The other mutation operations are-
fed_data <- fed_data %>%
mutate(`Target Rates Spread` = `Federal Funds Upper Target` - `Federal Funds Lower Target`)
fed_data
## # A tibble: 904 × 9
## Date `Federal Funds Target Rate` `Federal Funds Upper Target`
## <date> <dbl> <dbl>
## 1 1954-07-01 5.66 0.308
## 2 1954-08-01 5.66 0.308
## 3 1954-09-01 5.66 0.308
## 4 1954-10-01 5.66 0.308
## 5 1954-11-01 5.66 0.308
## 6 1954-12-01 5.66 0.308
## 7 1955-01-01 5.66 0.308
## 8 1955-02-01 5.66 0.308
## 9 1955-03-01 5.66 0.308
## 10 1955-04-01 5.66 0.308
## # ℹ 894 more rows
## # ℹ 6 more variables: `Federal Funds Lower Target` <dbl>,
## # `Effective Federal Funds Rate` <dbl>, `Real GDP (Percent Change)` <dbl>,
## # `Unemployment Rate` <dbl>, `Inflation Rate` <dbl>,
## # `Target Rates Spread` <dbl>
It gives the spread of higher and lower targets of the federal rate.
fed_data <- fed_data %>%
mutate(`Difference of Rates` = `Federal Funds Target Rate` - `Effective Federal Funds Rate`)
fed_data
## # A tibble: 904 × 10
## Date `Federal Funds Target Rate` `Federal Funds Upper Target`
## <date> <dbl> <dbl>
## 1 1954-07-01 5.66 0.308
## 2 1954-08-01 5.66 0.308
## 3 1954-09-01 5.66 0.308
## 4 1954-10-01 5.66 0.308
## 5 1954-11-01 5.66 0.308
## 6 1954-12-01 5.66 0.308
## 7 1955-01-01 5.66 0.308
## 8 1955-02-01 5.66 0.308
## 9 1955-03-01 5.66 0.308
## 10 1955-04-01 5.66 0.308
## # ℹ 894 more rows
## # ℹ 7 more variables: `Federal Funds Lower Target` <dbl>,
## # `Effective Federal Funds Rate` <dbl>, `Real GDP (Percent Change)` <dbl>,
## # `Unemployment Rate` <dbl>, `Inflation Rate` <dbl>,
## # `Target Rates Spread` <dbl>, `Difference of Rates` <dbl>
This gives the required difference of the two rates.

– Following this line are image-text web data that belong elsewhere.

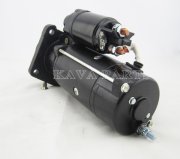 ALL - JCB Starter Motor 32009032 32009035 32009144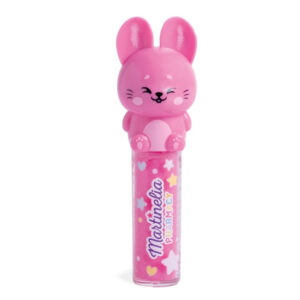 BALSAM DE BUZE PHARMACY BUNNY LIP GLOSS MARTINELIA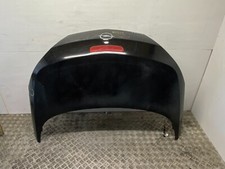 COFANO POSTERIORE BAULE BAGAGLIAIO OPEL TIGRA TWIN TOP 2004 2009 NERO B2319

We first performed the basic description operations followed by massive tidy up of the data by filling the missing values. This was followed by certain mutation operations that makes the data look more visually appealing and with more information than before.